Images in the data are to be skipped, while every line is restated exactly as written.

Given data |

========================

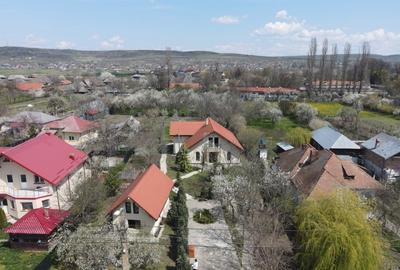 Casă individuală cu 5 camere cu Teren 2000 Mp în Golești (Ștefănești) - 1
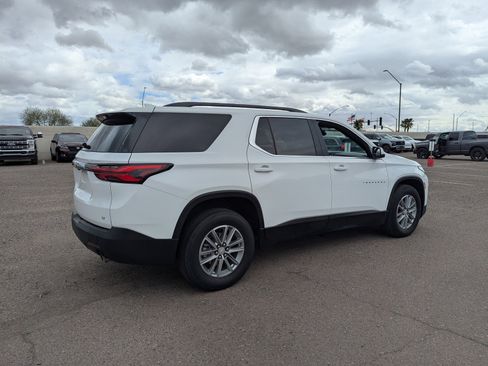 Used 2023 Chevrolet Traverse LT image 5
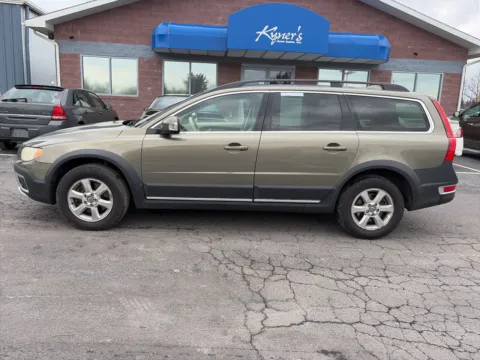 Photos of 2010 Volvo XC70 3.2 for sale in Chambersburg, PA at Kyner's Auto Sales, Inc.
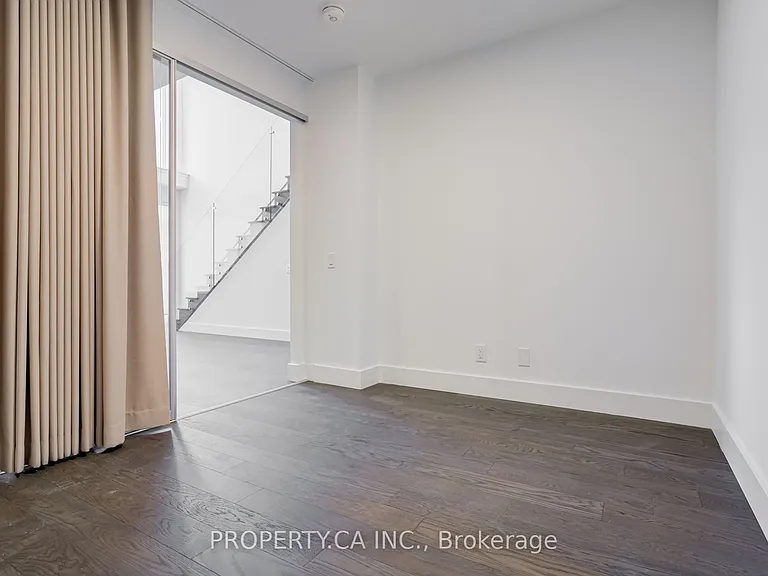 6 Greenbriar Rd #106 — Photo 19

========================

Answer to this problem |
 Casă individuală cu 5 camere cu Teren 2000 Mp în Golești (Ștefănești) - 1
 Used 2023 Chevrolet Traverse LT image 5
 Photos of 2010 Volvo XC70 3.2 for sale in Chambersburg, PA at Kyner's Auto Sales, Inc.
 6 Greenbriar Rd #106 — Photo 19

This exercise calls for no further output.